The quarterback has since spoken about his stance in several pre and post game talks with the media. Still, somehow, his detractors seem to be missing the message and those who don’t necessarily disagree with his stance wonder what kneeling during the anthem is doing to help combat the oppression that he claims is still happening in 2016. Here are a few things that speak to the impact of Kaep’s protest.
Public Support from fellow NFL players and other athletes.
Since Colin first sat, he has been joined each week by several other NFL players who understand and support his protest, including his teammate Eric Reid who says he thought long and hard about the decision to support Kaep.
“It’s something that’s been on my mind all week,” Reid said. “I believe in what he’s doing. I believe that there are issues in this country — many issues, too many to name. It’s not one particular issue. But there are people out there that feel there are injustices being made and happening in our country on a daily basis. I just wanted to show him I support him. I know there are other people in this country that feel the same way.”
The support has extended beyond professional football into high schools and colleges with athletes around the country kneeling during the national anthem. Soccer player Megan Rapinoe has knelt during the performance of the anthem at every one of her games since deciding to support the protest.
“I am disgusted with the way he has been treated and the fans and hatred he has received in all of this,” Rapinoe told espnW’s Julie Foudy. “It is overtly racist: ‘Stay in your place, black man.’ Just didn’t feel right to me. We need a more substantive conversation around race relations and the way people of color are treated.”
“We are not saying we are not one the greatest countries in world,” she added. “Just need to accept that [it is] not perfect, things are broken.
“And quite honestly, being gay, I have stood with my hand over my heart during the national anthem and felt like I haven’t had my liberties protected, so I can absolutely sympathize with that feeling. The very least that I can do is continue the conversation with him by kneeling for the anthem,” she said.

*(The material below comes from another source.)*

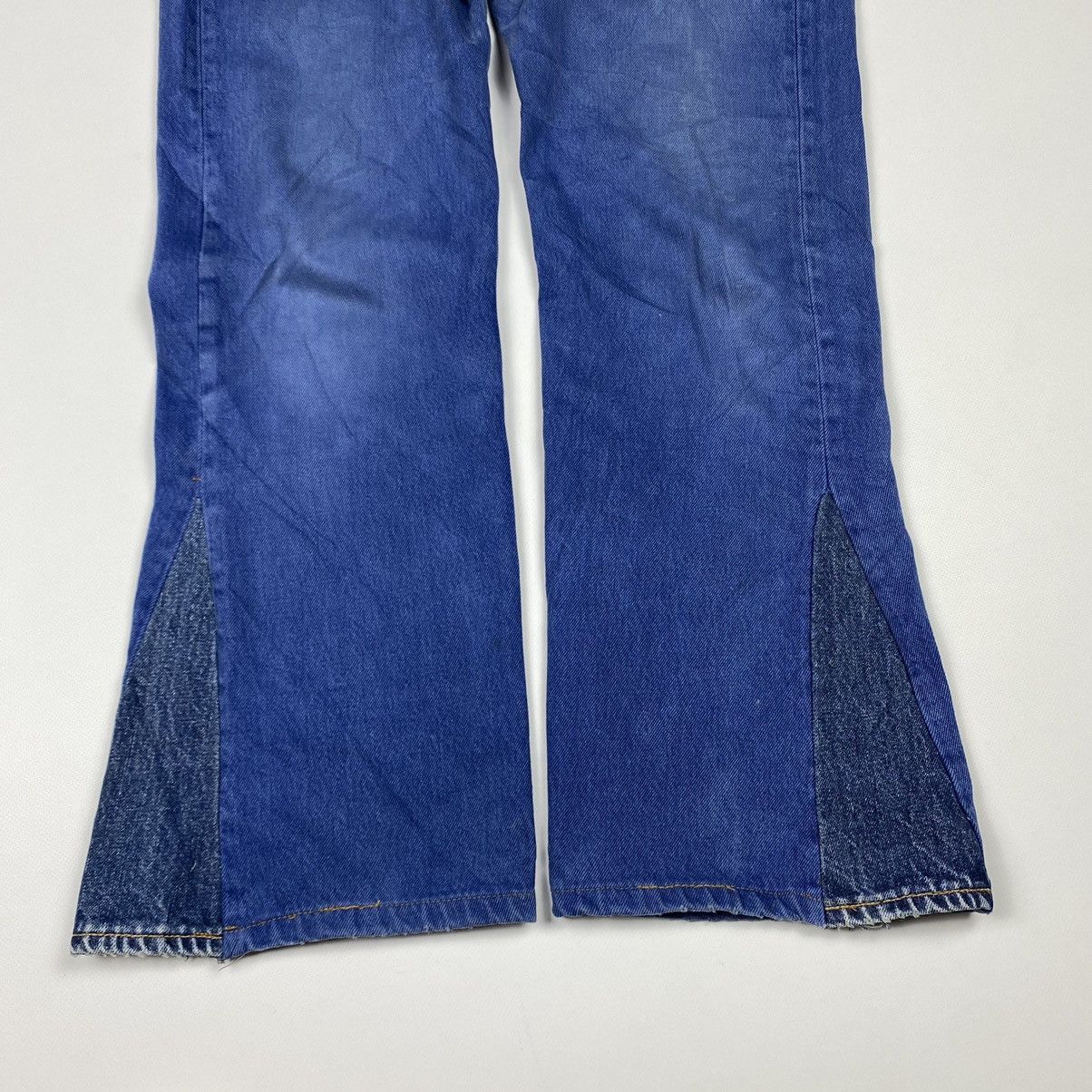Levi's Vintage Levis 501 Denim Pants 1of1 Custom Size US 32 / EU 48 - 7 Thumbnail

Donation from San Francisco 49ers
Colin Kaepernick pledged to donate $1 million of his salary at a rate of $100,000 per month for 10 months to community charities, even going so far as to create a website so that the public can track how his donations are spent. He is also donating all the proceeds of his now top selling jersey. Way to set an example right? Right. The San Francisco 49ers team where he is the second string quarterback has followed suit and are donating $1 million to two Bay Area charities for the purpose of improving racial and economic inequality.
For every death threat he receives, Kaepernick has also received praise and support from those who have admitted to their ignorance as it relates to the issue of police brutality in the black community. If you comb through social media, you’ll find people being honest about the fact that they were unaware of the magnitude of the problem and credit Kaep’s outspokenness for their new found appreciation for the plight of black people in this country.

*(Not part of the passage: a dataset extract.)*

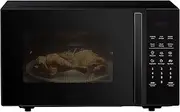 Hisense 900 Watt Microwave With Grill H29MOBS9HGUK, Black, 29 Litre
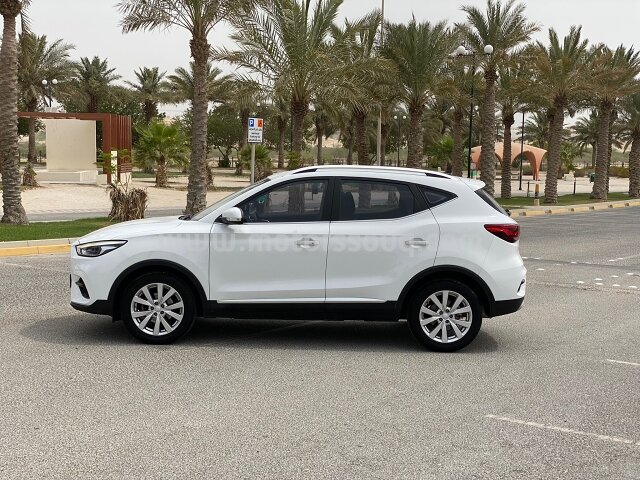 2023 MG ZS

Since Kaep began his silent protest, discussions about racial equality have been initiated on platforms that normally dodge issues such as these. ESPN, NFL Network and a dozens other stations have featured athletes and commentators engaging in much needed dialogue.
For those of us who know first hand about the inequality experienced by black people in America, there is pride in watching Kaepernick conduct his protest with class and take the negativity in stride without letting it deter him from his mission.
Approximately 15 black people have been killed at the hands of law enforcement since the first time Kaep sat, including 40 year old unarmed Terence Crutcher who was shot while his hands were in air. The issues remain prevalent but the conversations are still going, and building. The country is now talking about racial inequality in way it never has before. All because of Kaepernick taking a knee.